11     The club, rightly or wrongly, interpreted Hilborne’s letter of 1 June 1989 to mean that he wanted not only the club magazine but also newsletters, circulars and statements to stop and from 8 June 1989 did not send anything at all to Hilborne. On the other hand, Hilborne’s position on this letter was that he only wanted the club’s magazine stopped but wanted to continue receiving the monthly statements and other documents.

12     However that may be, it should have been apparent to Hilborne that following his letter to the club dated 1 June 1989, he received no communication whatever from the club. It is pertinent to note also that from 1 June 1989 he made no payments at all towards his absent member’s subscriptions. Prior to 1 June 1989 he paid his absent member’s subscriptions at irregular intervals and when the amount payable had reached a sizeable amount.

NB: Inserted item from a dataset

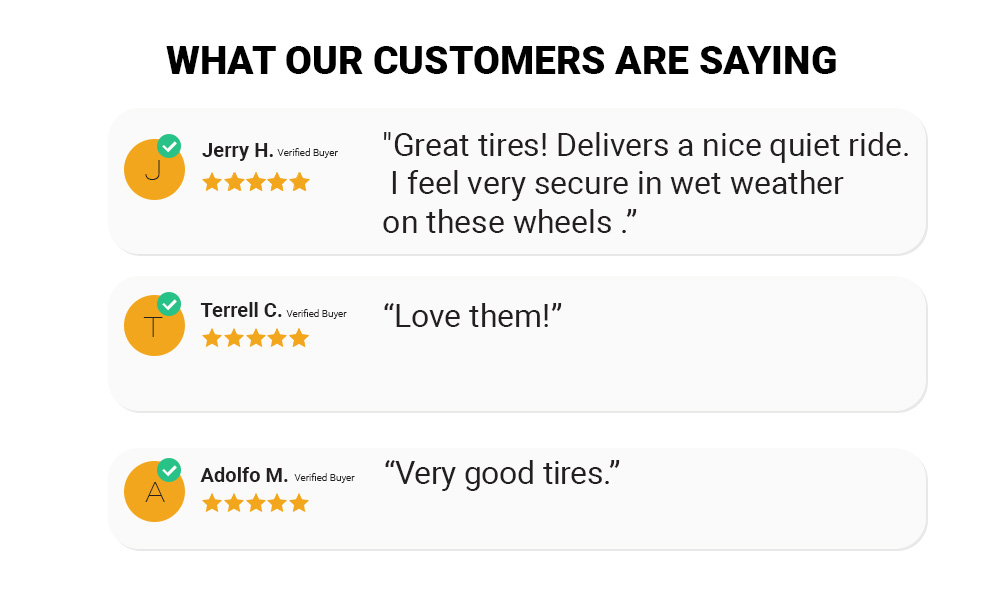 Bridgestone Ecopia customer reviews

13     It is in evidence that initially the club’s finance sub-committee wanted to send a warning letter to all absent members, including Hilborne, whose arrears of absent membership subscriptions exceeded $110 but the club’s general committee decided against it as it felt r 23(c) was very clear. In the result Hilborne was notified by letter dated 30 May 1991 that his membership of the club had automatically ceased pursuant to r 23(c). Hilborne issued the writ in this matter on 21 January 1993.

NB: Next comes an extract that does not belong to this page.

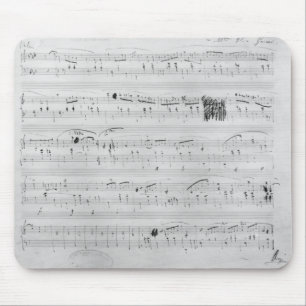 Waltz in F minor Mouse Mat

14     Several legal arguments were raised in the court below including arguments on natural justice. We do not need to refer to them here in detail. Suffice it to say that the learned judge’s reasons for finding in favour of Hilborne can be grouped under three heads, namely, (1) the views expressed by this court in Singapore Island Country Club v Brown on the construction of r 23(c) which also approved the High Court’s consideration of r 23(c) in Lee Chuen Li & Anor v Singapore Island Country Club had to be reconsidered because there was no evidence of (a) the club’s billing practice; (b) the sending of reminders and (c) the club’s practice as regards r 23(c) and were not explored at all or to the extent it has been in this case (see the learned judge’s judgment at p 478D–F); (2) that on the facts of this case, there was a convention between Hilborne and the club such as to estop the club from relying on r 23(c) (see pp 484 and 485); and (3) whether on the facts, relief against forfeiture can be granted, for the learned judge in concluding his judgment at p 486 said: ‘In case I am wrong in the decisions I have made, I think this is an eminently fit case for the exercise of the court’s equitable jurisdiction to grant relief against the forfeiture, and I would have granted it.’

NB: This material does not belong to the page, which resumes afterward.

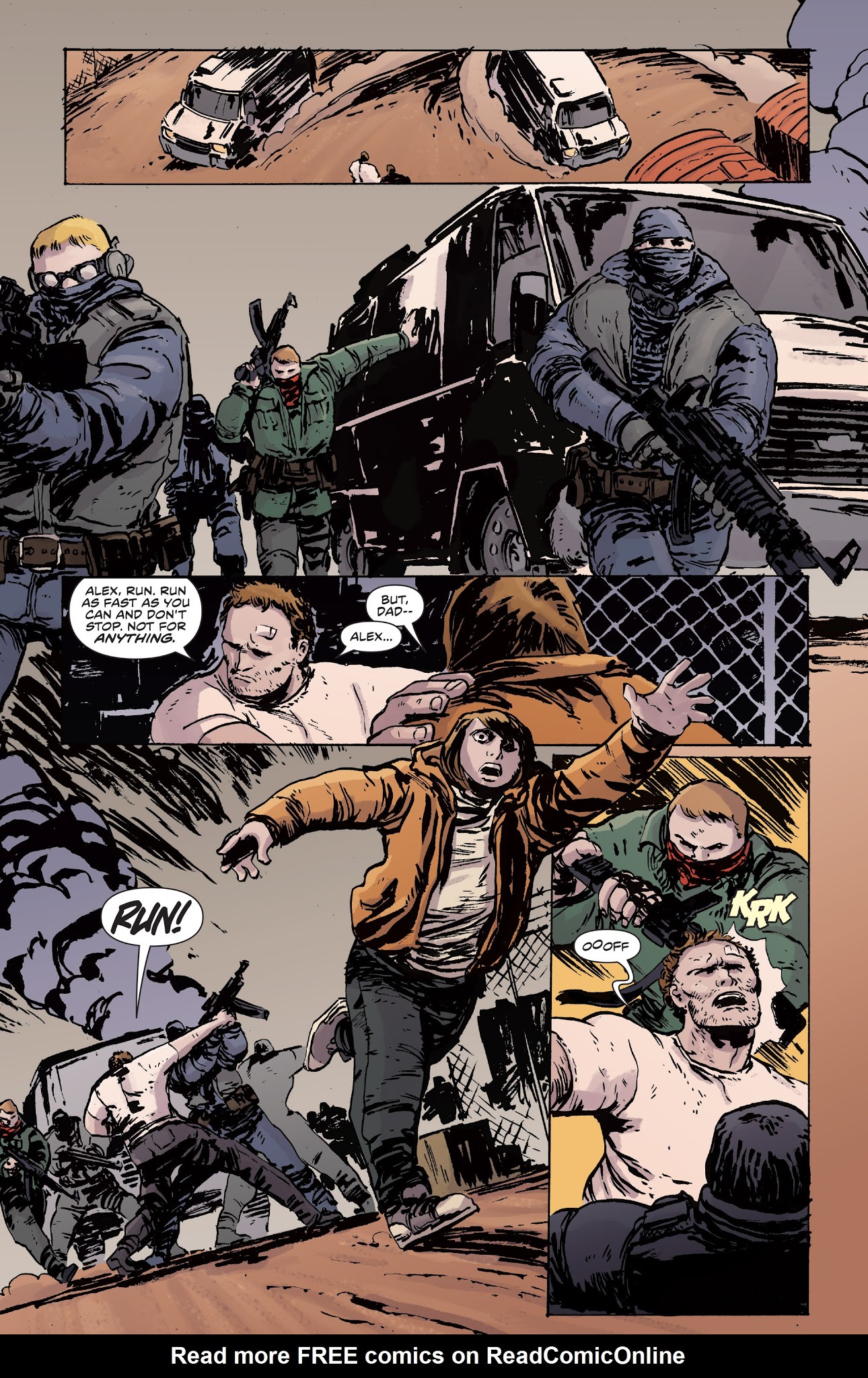 Read online Dawn of the Planet of the Apes comic -  Issue # TPB - 73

15     We will deal with these issues in the order in which we have listed them above. First, the club’s billing practice. The learned judge at p 479E of his judgment said:      

The course of dealing between the club and its members, in particular the plaintiff, (Hilborne) clearly established a practice for members, active or absent, to pay on receipt of bills in the form of statements of account and only on receipt of them.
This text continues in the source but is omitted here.